Glenn and Carroll work side by side in the diorama, which is also getting a revamp. They craft fake grasses, create a protruding rock formation that adds dimension to the museum display, and arrange the aforementioned badger and rattler in their ersatz habitat.
Theirs is not the most collegial of partnerships. Hannah Duggan and Brian Colonna portray the bickering coworkers. Carroll’s wound a bit tight. She’s prone to anxious huffing (“Cecily is missing a good portion of her face!”) and loud disquisitions on taxidermy, for instance. Glenn’s genial if a little lax on details. Was his snack the invitation nibbling vermin needed to enter the diorama?
Created in collaboration with local playwright Ellen K. Graham, “Coyote. Badger. Rattlesnake” is composed of 14 seriocomic vignettes separated by 14 pauses, a dimming of the lights and minuscule set changes. The turning down of the lights is part of the show’s genius. It adds emphasis to Glenn’s or Carroll’s final word or gesture — be it absurd, ruminative or both.

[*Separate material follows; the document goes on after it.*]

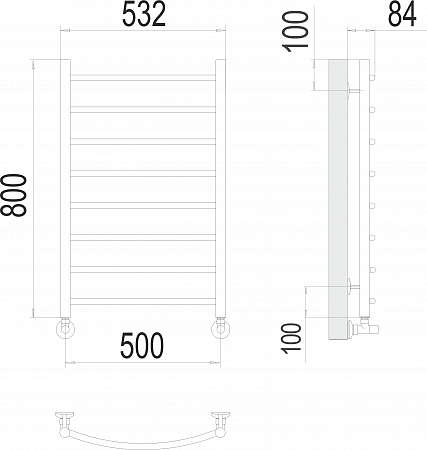 Классик П8 500х800 Полотенцесушитель  TERMINUS Ангарск - фото 3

If you are gleaning a “Godot” vibe in the set-up, that’s likely OK.
During those breaks, two workers arrive in the not-quite-darkness to add tile-size chunks of set to the floor in front of the diorama’s beckoning backdrop of mountains and sky, prairie grasses and scrub. (Company member Erik Edborg is responsible for the lovely canvas that hangs from the rafters.)
Played by Erin Rollman and Edborg, the duo appear in the show’s credits as “Stagehands.” Consider this further evidence of Buntport’s rather meta-antics. Yes, they’re stagehands. They’re also characters in a play about the staging of the “fake-real.” Stealthily, they add props, rearrange them or accidentally tip something over and rush off. Like Glenn and Carroll, they chat and disagree. Over the course of the play (there is no intermission), their interstitial philosophizing demands more and more of the audience’s attention.
Wit, deft timing and twists — physical and linguistic — are signature stuff at Buntport. “Coyote. Badger. Rattlesnake” has an abundance. It also has a few choice things to say — or at least I was vaguely aware it did — about “real fakeness” and “fake realness” as the show’s program teasingly puts it.
So, a word about the audience. The ensemble composed of the four performers and company mainstay SamAnTha Schmitz is in its 19th year and has garnered a deserved and appreciative following. Almost as soon as Colonna and Duggan arrived on stage opening night, they were met with titters and guffaws, which continued to punctuate not only the amusing riffs but at times the more thoughtful interludes. I’m not one to judge people for their pleasures, but I couldn’t help but wonder if this made newcomers to Buntport feel like they weren’t quite in on a joke. The ensemble’s agile wit is often outright funny. Just as often, there’s something more nuanced at play in their askew vision of things. The balance in “Coyote. Badger. Rattlesnake” proved slightly elusive.
It would be churlish to complain about Buntport’s steadfast craft and reliable cleverness. Their work is oh-so-canny — with the occasional burst of brilliance. And this show is swift and entertaining. I’d just hate to see the company trapped in a lovely diorama of its own making.